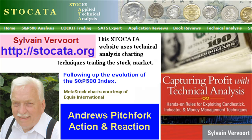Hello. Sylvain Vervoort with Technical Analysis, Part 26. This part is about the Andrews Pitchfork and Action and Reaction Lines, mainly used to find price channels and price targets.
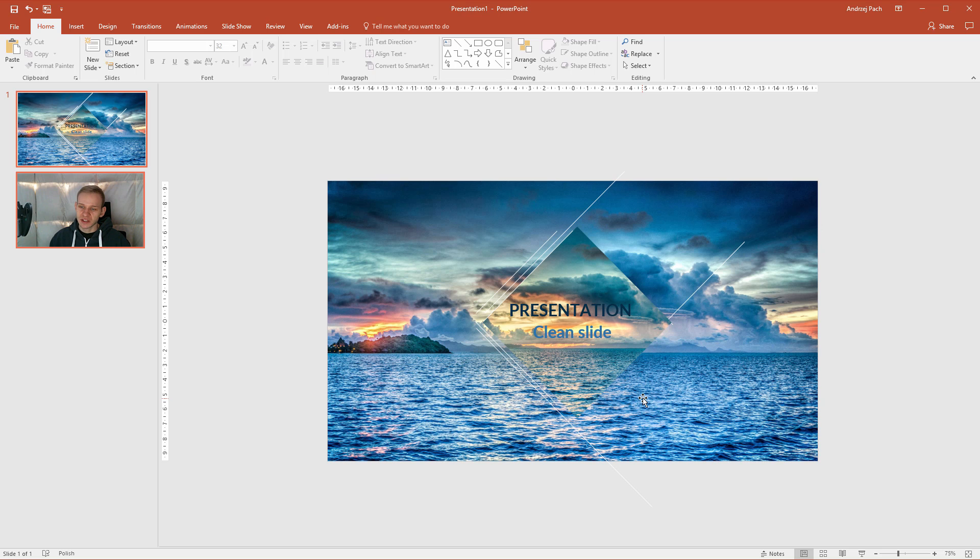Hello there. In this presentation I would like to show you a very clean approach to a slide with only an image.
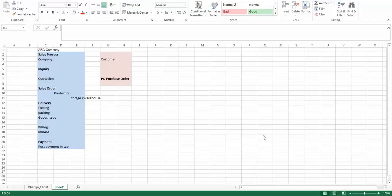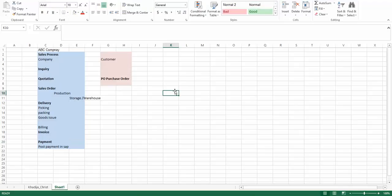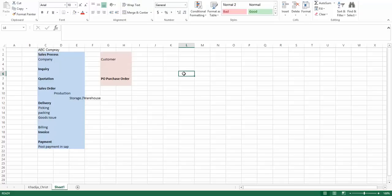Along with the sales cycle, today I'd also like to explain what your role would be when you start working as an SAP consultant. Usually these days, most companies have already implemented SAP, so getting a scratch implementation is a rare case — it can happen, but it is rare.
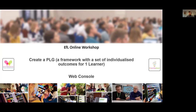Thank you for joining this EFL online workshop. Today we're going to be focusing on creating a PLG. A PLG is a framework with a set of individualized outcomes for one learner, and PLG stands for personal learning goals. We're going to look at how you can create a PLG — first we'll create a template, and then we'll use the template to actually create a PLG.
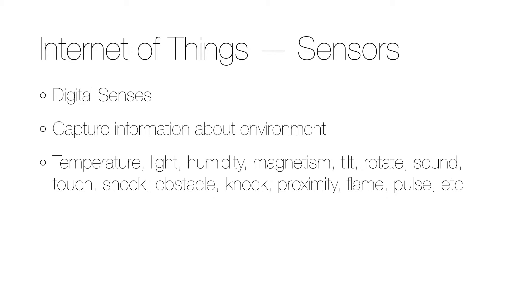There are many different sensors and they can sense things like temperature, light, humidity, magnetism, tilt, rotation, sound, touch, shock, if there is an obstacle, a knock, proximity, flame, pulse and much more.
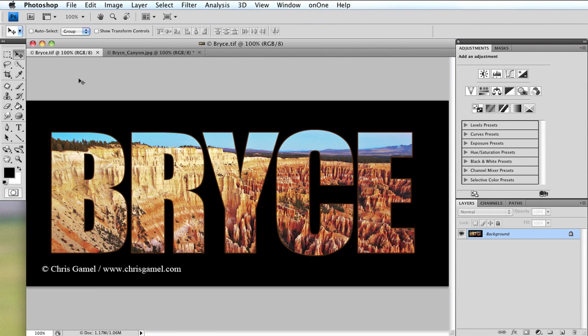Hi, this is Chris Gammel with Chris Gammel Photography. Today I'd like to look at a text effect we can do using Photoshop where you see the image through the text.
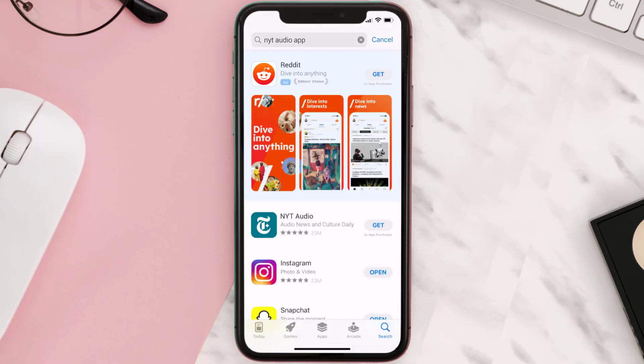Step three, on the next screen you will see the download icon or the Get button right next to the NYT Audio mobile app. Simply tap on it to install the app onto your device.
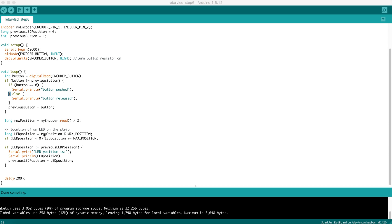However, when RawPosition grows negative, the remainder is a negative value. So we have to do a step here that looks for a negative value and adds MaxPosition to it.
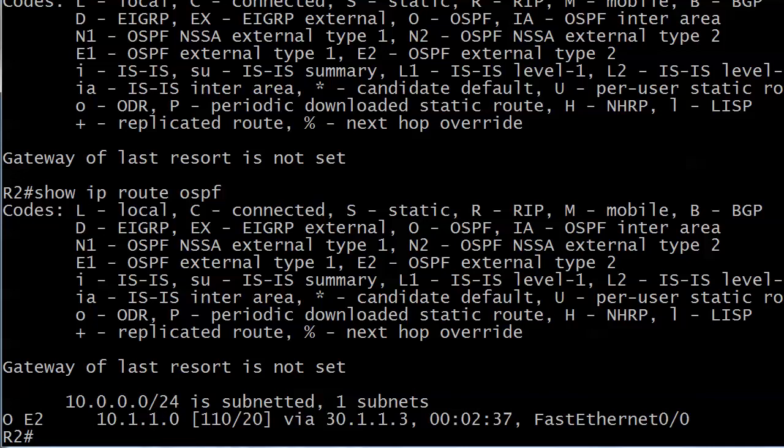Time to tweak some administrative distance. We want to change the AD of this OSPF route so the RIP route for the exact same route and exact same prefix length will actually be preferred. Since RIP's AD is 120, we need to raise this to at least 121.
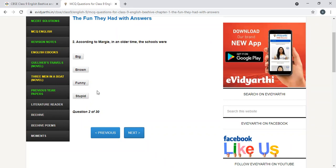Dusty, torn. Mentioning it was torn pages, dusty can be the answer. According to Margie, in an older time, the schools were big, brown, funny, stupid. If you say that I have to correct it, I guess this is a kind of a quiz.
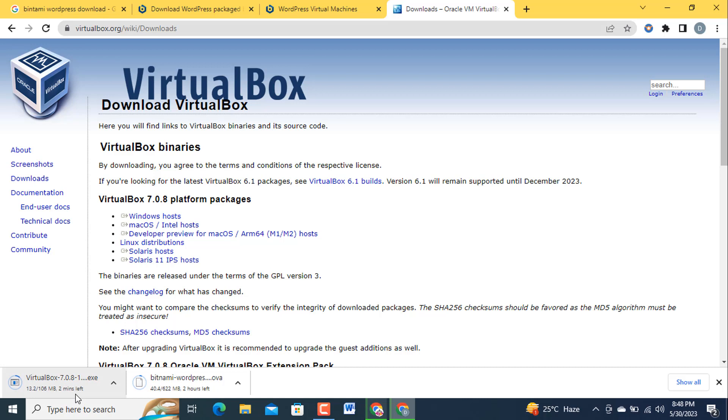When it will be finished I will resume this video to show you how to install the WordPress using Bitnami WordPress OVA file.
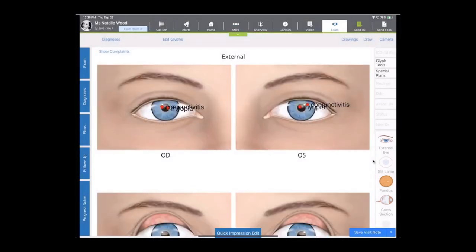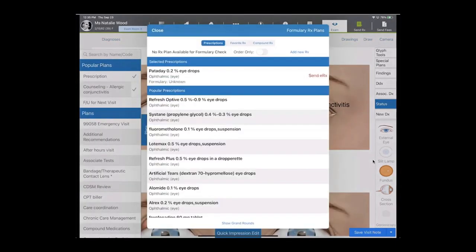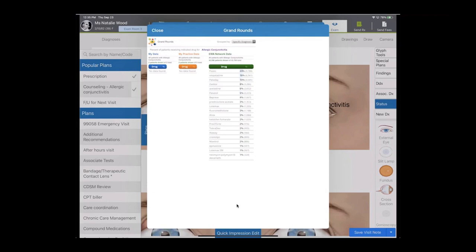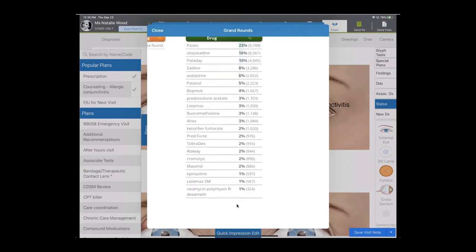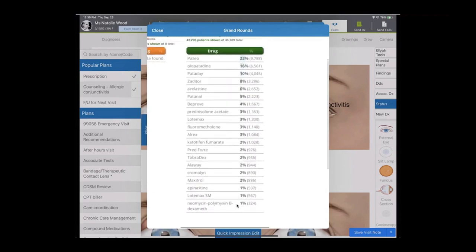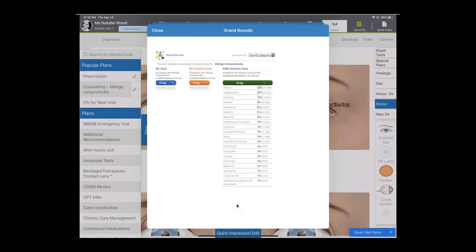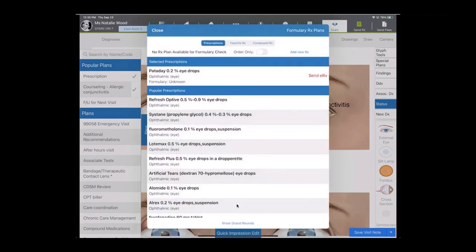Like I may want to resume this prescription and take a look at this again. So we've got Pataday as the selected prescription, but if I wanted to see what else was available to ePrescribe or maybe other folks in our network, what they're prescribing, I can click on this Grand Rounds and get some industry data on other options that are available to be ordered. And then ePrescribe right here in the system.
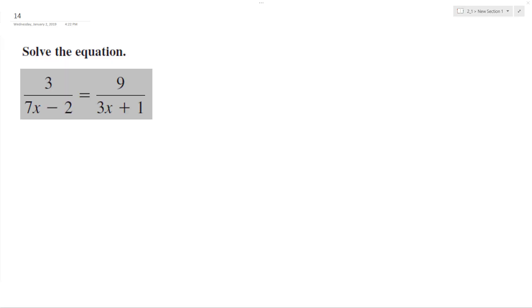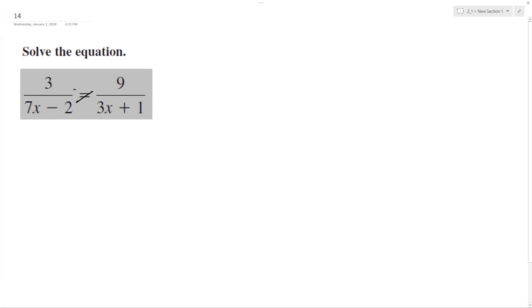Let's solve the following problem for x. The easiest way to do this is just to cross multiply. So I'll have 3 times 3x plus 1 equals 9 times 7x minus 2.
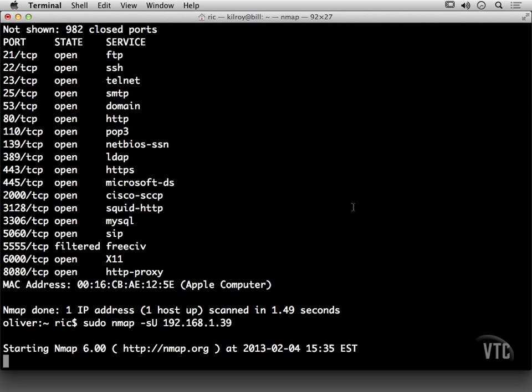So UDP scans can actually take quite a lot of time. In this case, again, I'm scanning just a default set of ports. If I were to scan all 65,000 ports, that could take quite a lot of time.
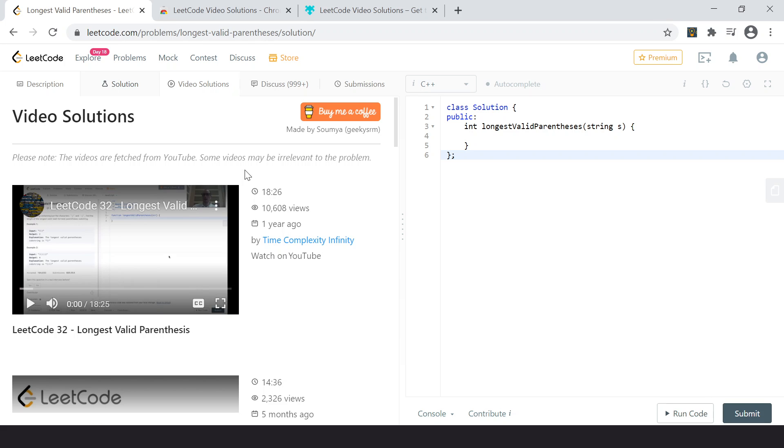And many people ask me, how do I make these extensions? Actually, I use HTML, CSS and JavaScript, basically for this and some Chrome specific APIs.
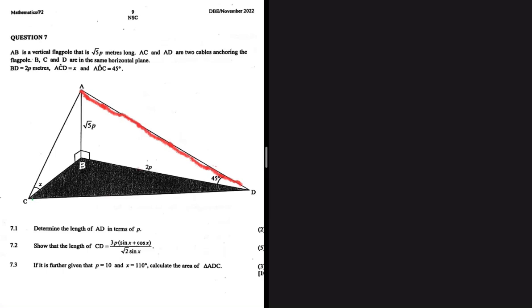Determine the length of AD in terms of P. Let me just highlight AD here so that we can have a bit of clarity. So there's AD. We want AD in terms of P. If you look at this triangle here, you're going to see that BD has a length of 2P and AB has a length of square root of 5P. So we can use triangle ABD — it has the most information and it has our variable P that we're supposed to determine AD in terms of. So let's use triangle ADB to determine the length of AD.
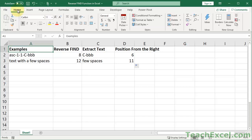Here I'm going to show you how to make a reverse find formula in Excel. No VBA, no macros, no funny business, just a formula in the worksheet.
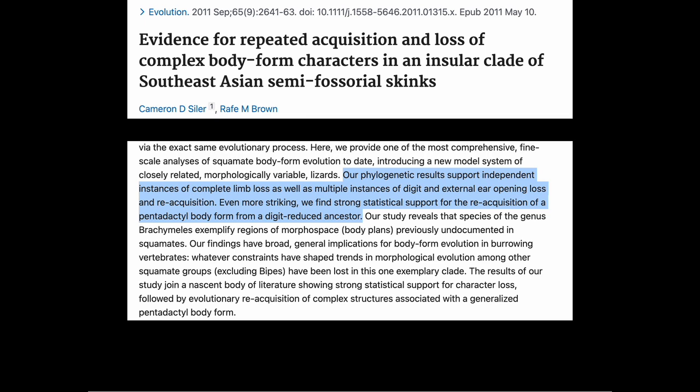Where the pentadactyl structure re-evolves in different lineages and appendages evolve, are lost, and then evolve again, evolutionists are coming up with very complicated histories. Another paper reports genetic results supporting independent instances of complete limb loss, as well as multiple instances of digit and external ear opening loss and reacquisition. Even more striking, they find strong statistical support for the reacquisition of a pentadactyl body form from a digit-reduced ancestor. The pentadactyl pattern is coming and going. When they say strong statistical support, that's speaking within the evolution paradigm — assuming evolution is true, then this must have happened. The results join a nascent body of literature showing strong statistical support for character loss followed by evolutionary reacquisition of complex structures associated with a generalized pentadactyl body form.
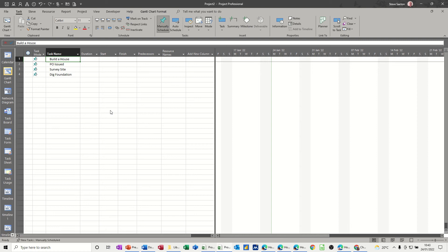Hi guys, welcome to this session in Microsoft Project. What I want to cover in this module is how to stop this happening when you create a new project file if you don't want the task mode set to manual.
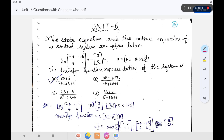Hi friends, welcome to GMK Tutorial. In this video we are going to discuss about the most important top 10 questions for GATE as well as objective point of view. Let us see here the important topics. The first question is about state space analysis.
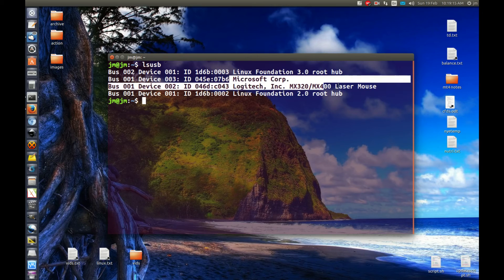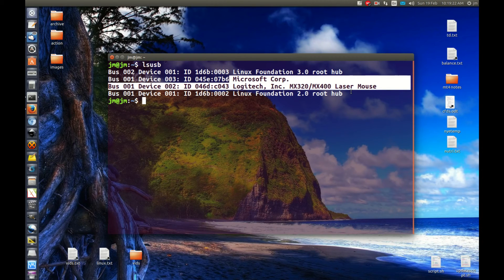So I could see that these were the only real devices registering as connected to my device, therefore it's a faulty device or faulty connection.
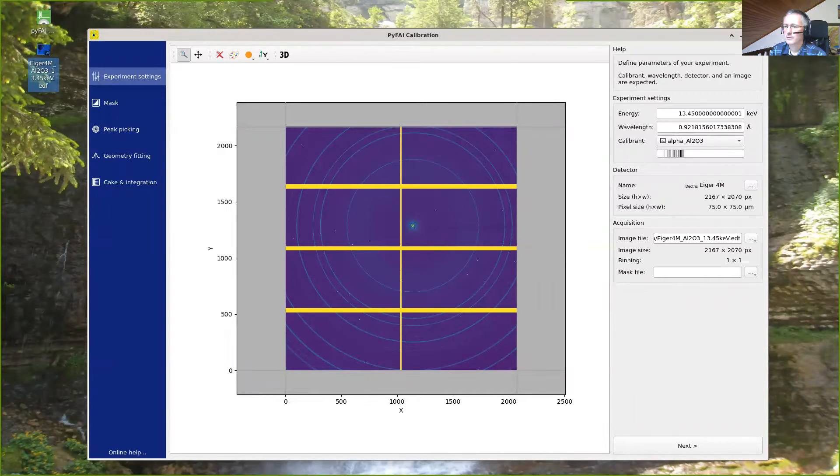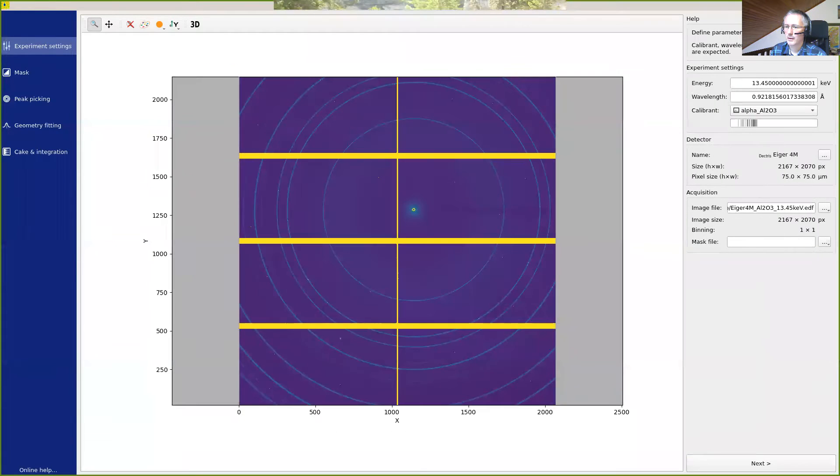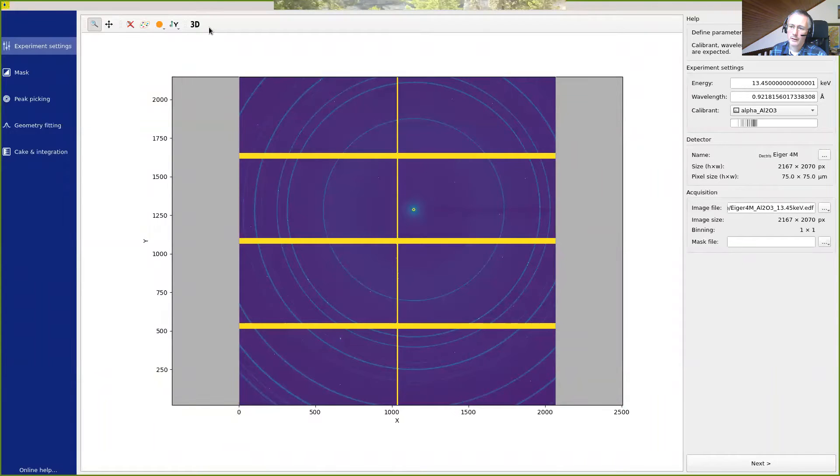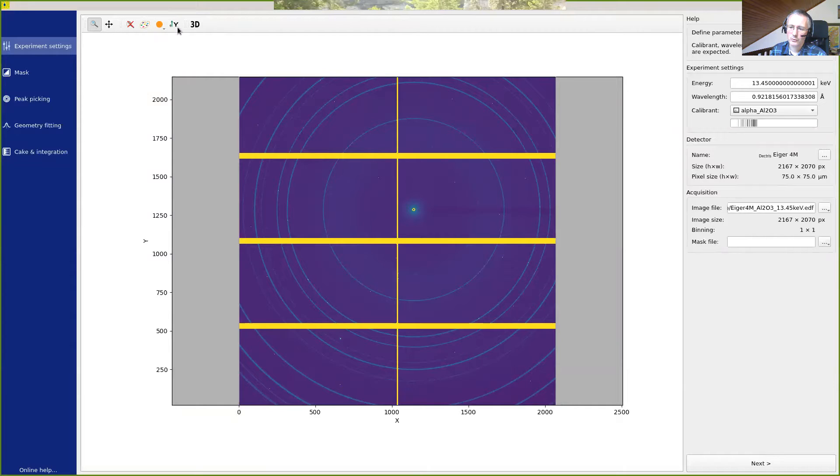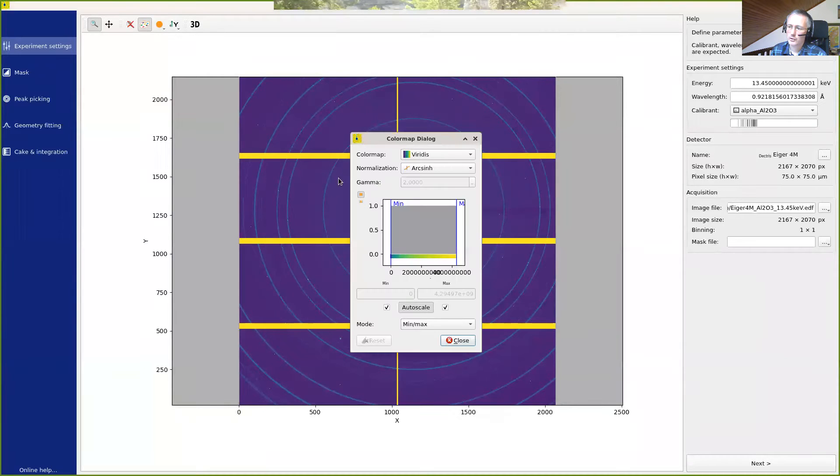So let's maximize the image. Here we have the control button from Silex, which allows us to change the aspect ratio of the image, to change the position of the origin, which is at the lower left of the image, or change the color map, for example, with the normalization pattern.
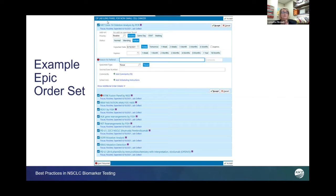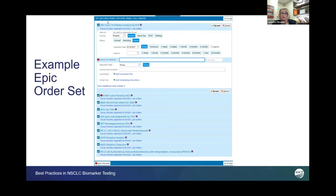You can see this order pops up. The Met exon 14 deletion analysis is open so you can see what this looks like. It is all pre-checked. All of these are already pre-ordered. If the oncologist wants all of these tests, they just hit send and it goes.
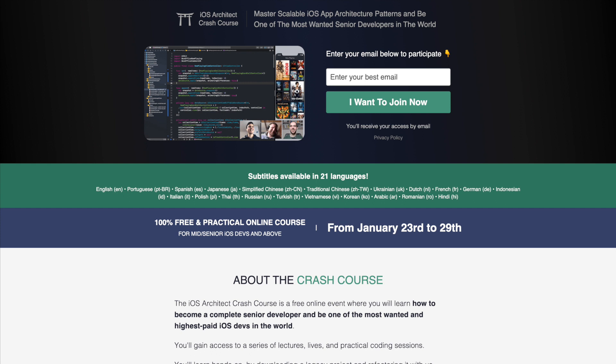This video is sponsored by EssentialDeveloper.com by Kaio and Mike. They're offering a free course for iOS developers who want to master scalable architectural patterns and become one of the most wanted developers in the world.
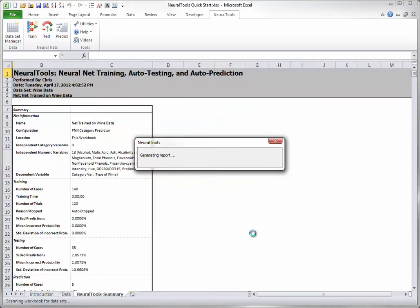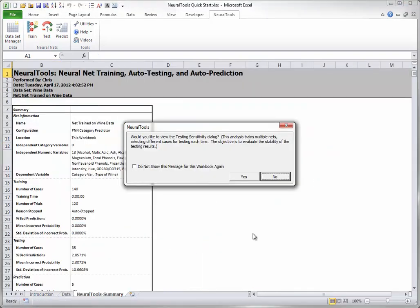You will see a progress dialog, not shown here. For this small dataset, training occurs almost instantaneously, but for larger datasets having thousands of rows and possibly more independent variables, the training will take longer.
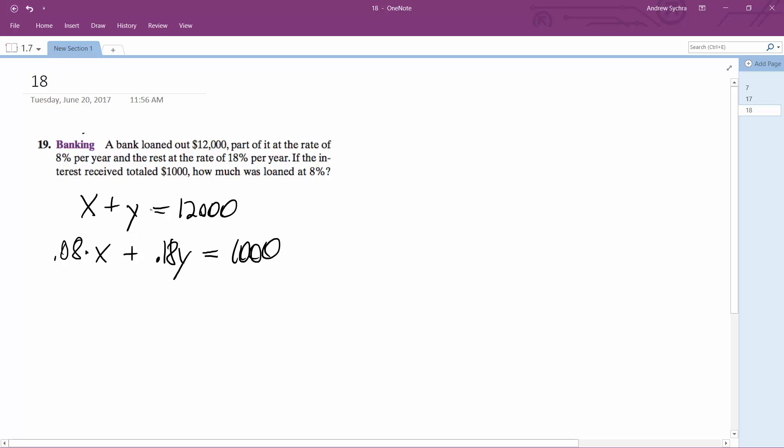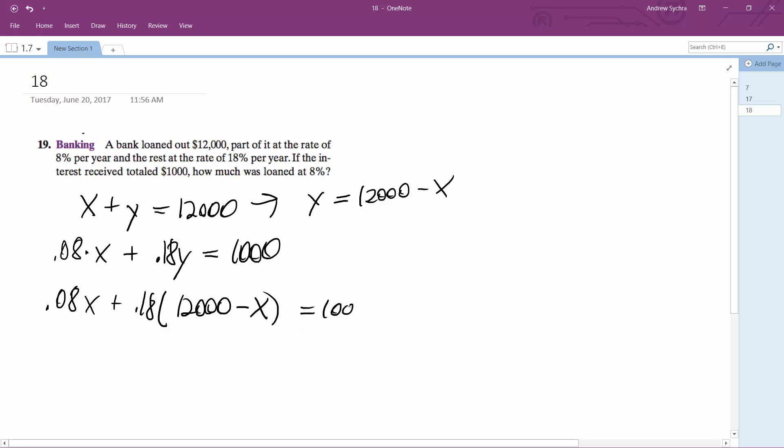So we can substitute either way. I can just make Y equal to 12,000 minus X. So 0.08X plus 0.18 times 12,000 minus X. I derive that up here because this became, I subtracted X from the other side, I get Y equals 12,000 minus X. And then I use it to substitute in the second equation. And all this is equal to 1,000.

WORK TO BE COMPLETED: Output only the lines above from the one containing "However, when RawPosition" to the one containing "Time to tweak", both included, exactly as written and with no pictures.

TASK RESULT:
However, when RawPosition grows negative, the remainder is a negative value. So we have to do a step here that looks for a negative value and adds MaxPosition to it.
Time to tweak some administrative distance. We want to change the AD of this OSPF route so the RIP route for the exact same route and exact same prefix length will actually be preferred. Since RIP's AD is 120, we need to raise this to at least 121.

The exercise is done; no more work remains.